Somehow that night, I and 15 others found ourselves crammed in a room with only four beds. I slept -- or tried to sleep -- on a bed hard as concrete, with no pillow, blanket or mattress. I was lucky I got a bed. Others slept on chairs, tables and the floor. I was sweaty, sick and hungry and felt as if I were in a refugee camp. Somehow, we made it to morning and a community aid truck, similar to our Red Cross, brought us sandwiches. Later in the afternoon, news came counting the deaths of locals.

I'd gotten sick midway through the trip. Everyone was catching viruses, so I knew I was going to be ill sooner or later. I was bedridden one week and spent the rest of the trip recovering. Lying in a sweat-stained bed with a high fever, I did some serious soul searching. I also spent time writing and reading three books I had brought along: "Flowers in the Attic," "Like Water for Chocolate" and the Bible. I wrote in my journal and sent letters back home. I'd often stand on one particular balcony, stare into a nearby monastery, the ocean beyond it and daydream.

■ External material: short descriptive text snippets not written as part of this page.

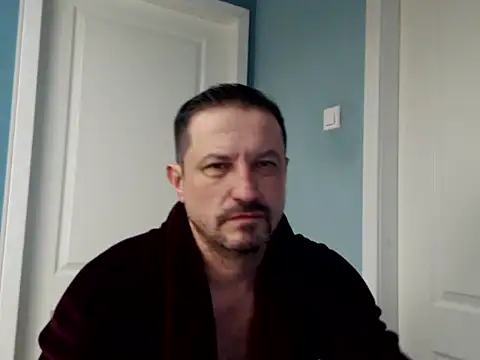Snapshot of MisterFaithRO chatting on 04-18-26, 06:32 MisterFaithRO online show from 04-18-26, 06:32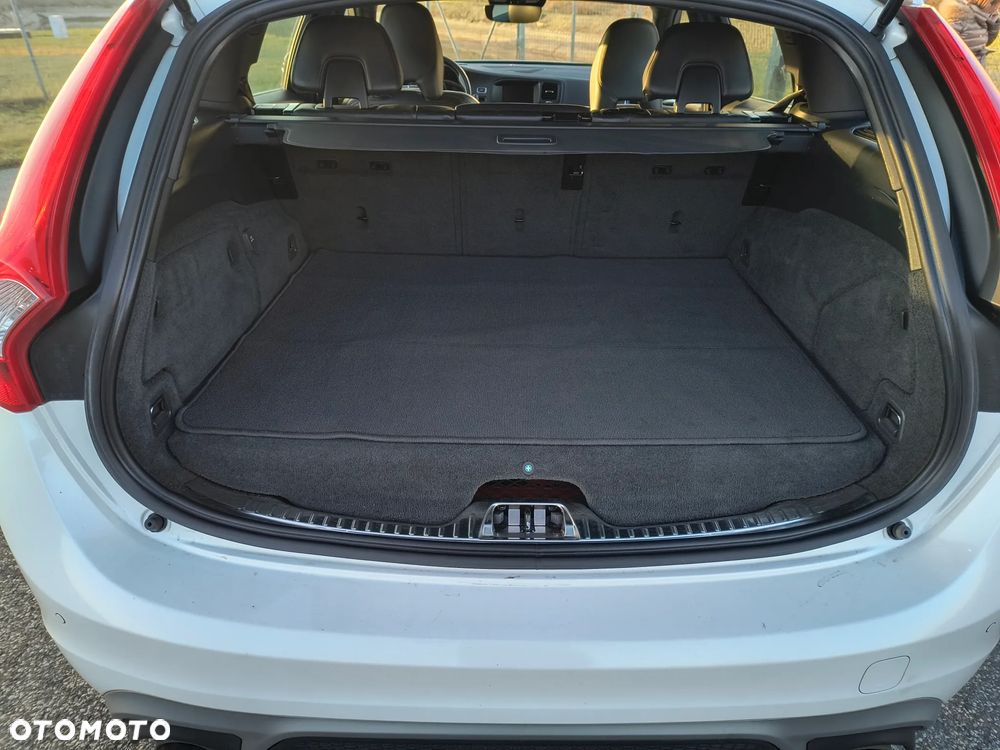 Volvo V60 D6 AWD Plug-in Hybrid Summum - 18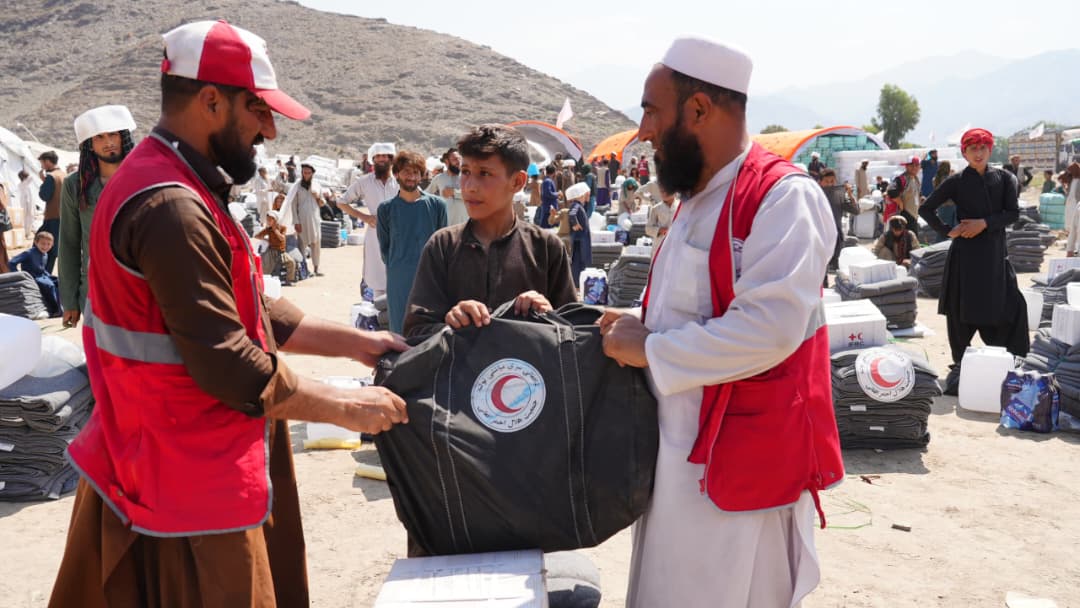 کونړ؛ ۳۳۶ زلزله ځپلو کورنیو سره بشري مرسته وشوه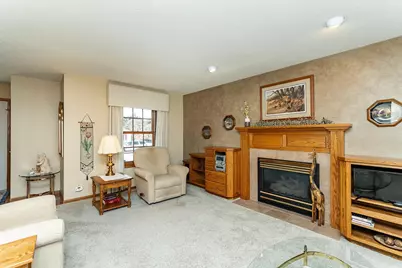 744 Jefferson Avenue SW, Eyota, MN 55934 - Photo 5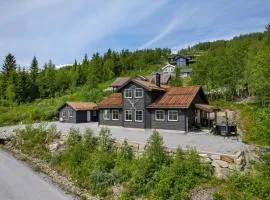 Grand and modern cabin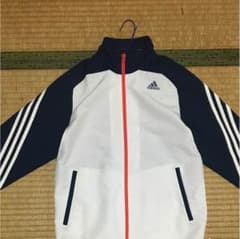 adidasのサムネイル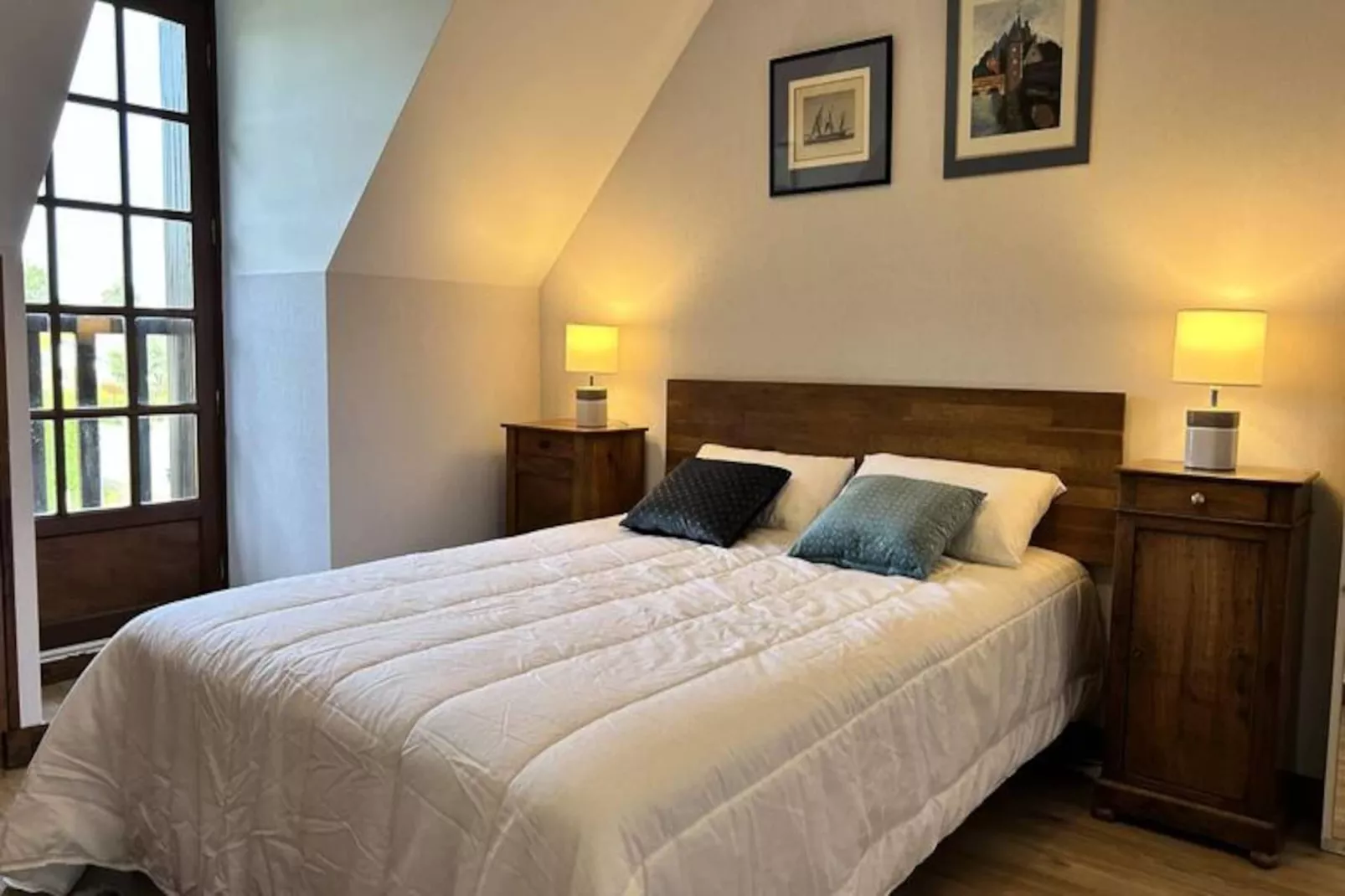 Résidence Les Hôpitaux-Niet-getagd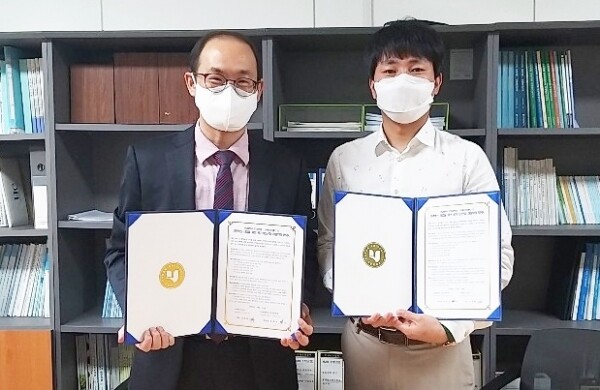 호남대학교 전자공학과는 지난 10일 창조관 전자공학과 회의실에서 반도체소자 제조를 기반으로 공기 가전산업의 부품을 설계하는 지역의 강소업체 브레이크더룰스에 이어 공기가전 기구물을 설계하는 준성이엔알과 공기 가전산업 분야의 채용연계 협약을 맺었다. 사진은 브레이크더롤스와의 협약 모습. (사진: 호남대 제공)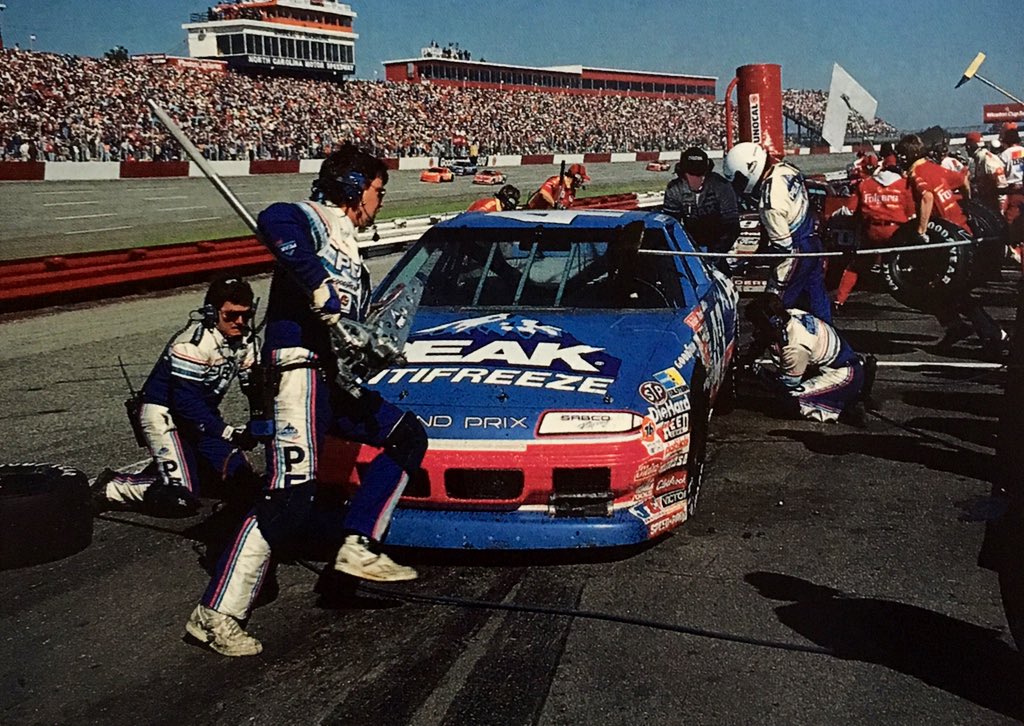 LilRedDave's tweet photo. I’m a sucker for car history, Kyle Petty relied on few cars in the ‘90 season, including The Duke who rode with KP all the way to victory lane at Rockingham in the spring 🏆🏁 #Radials https://t.co/TTlFmLZJgu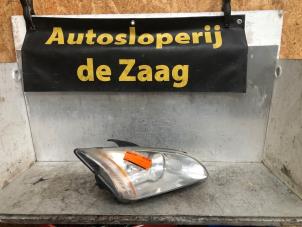 Used Headlight, right Ford Focus 2 Wagon 1.6 TDCi 16V 90 Price € 45,00 Margin scheme offered by Autodemontage de Zaag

The last day of the study tour was a downer. What got to me was knowing I'd never see some of these people again. Everyone promised to e-mail, call or write, but most of us returned to our own lives when we got home. I know I did. Fortunately, I still keep in touch with several friends I met on the Love Boat. Unfortunately, most of them are scattered all over the world and the chances of us running into each other in the near future are slim.

But because we live in different time zones, some of us always have someone we can call late into the night when we have trouble sleeping.